Something is very wrong, Gladwell argues, with the tools and strategies we use to make sense of people we don’t know as well as we could. Our lack of understanding is a big blind spot. And because we don’t know how to talk to strangers, we are inviting conflict and misunderstanding in ways that have a profound effect on our lives and our world.
Admiral H G Rickover, the father of the nuclear navy and one of America’s most outspoken 20th-century critics of modern education, wrote that one of the central challenges of education should be to understand, appreciate, and learn to live with the fellow inhabitants of our planet. Every child must learn about the races and people of the world and the rich variety of the world's cultures, people, and personalities. They must know something of the history of people and nations. They must learn that there are many people in the world who differ from them profoundly in habits, ideas, and ways of life.
We must perceive these differences, these likes and dislikes, not as occasions for uneasiness or hostility but as challenges to our capacity for understanding.
Eddie Jaku is famously known as the happiest man on earth. He was also a concentration camp survivor. Like Dr. Viktor Frankl, a survivor of Auschwitz, Eddie describes a search for a life's meaning as the central human motivational force with other people at the centre of all thinking.
You get to decide
Whether you like ‘em or they like you or not, are people basically good or bad?
Would you say that the world is a good and safe place or a bad and dangerous place?
You might respond, “It depends on the circumstances,” and that is no doubt (sometimes) true, but go deeper — to your core or “primal” belief.
It’s important because your deep answer is the main thing that determines whether or not you, and by extension, many of those around you, will have a nice life or not.
Our Beliefs Shape Reality
Our beliefs about the world are not shaped by our experiences so much as our “primal beliefs” determine how we interpret those experiences. If our primal belief is that the world is basically a good and safe place, we will likely find positives in even the most difficult circumstances as indicated by Frankl, Jaku, and the testimony of other concentration camp survivors.
If our primal belief is that the people we don’t connect with are all dangerous and the world is a bad and dangerous place, on the other hand, it will colour or call into question our interpretation of even the most positive life experiences.
Today leading psychologists like Jer Clifton Ph.D. are exploring how much our basic beliefs shape our lives, our world, and the people in it.
“Broadly speaking, human action may not express who we are so much as where we think we are, and much of what we become in life—much joy and suffering—may depend on the sort of world we think this is.”

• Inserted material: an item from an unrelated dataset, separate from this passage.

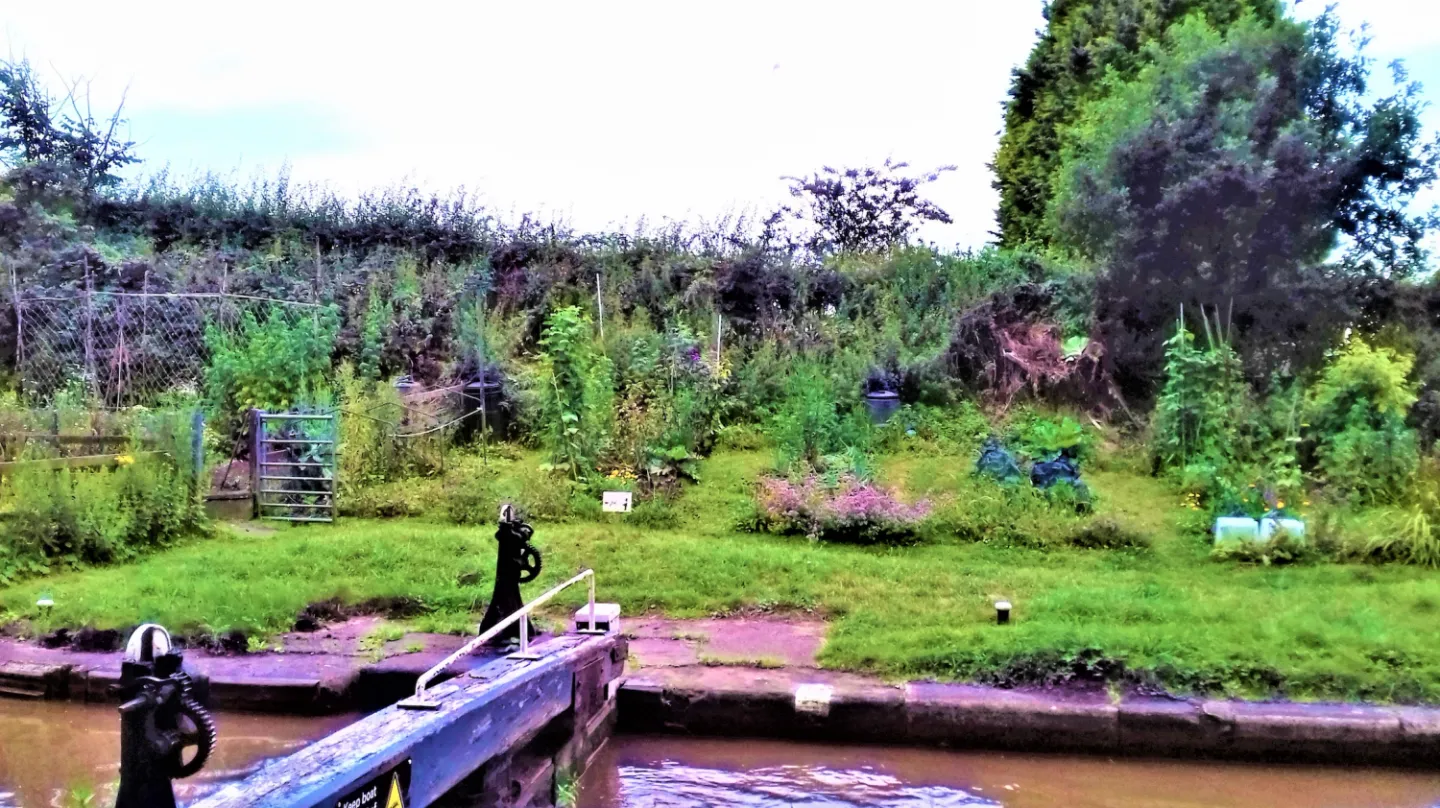 Lock !5 Gardens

This is a thought-provoking article - as it's meant to be. Tragically, too many people are just punching the clock, not bothering with giving much time to such questions as, "Why are we here?"
I don't engage in queries about philosophy, theology, sociology, or psychology for the sake of 'intellectual masterbation', but because of the fact the odds of either me or my wife still being alive are less than 1% due to a variety of events and challenges. Continued existence despite the odds prompts such pensive consideration, while being a combat veteran tints such consideration with first-hand knowledge of just how good and evil persons can be. Combat doesn't only bring out the very worst in humanity, but the very best as well.
The conclusion: Love isn't an emotion, but it's a decision - a decision to set someone's well-being, best interest, and happiness as a priority; and that our purpose is to love and to be loved. Everything else is ancillary to that decision. Most people have come to that conclusion to some degree, albeit not in so many words, and those who are the furthest from it tend to be psychologically pathelogical. Most anguish in the world is prompted by the latter group of persons.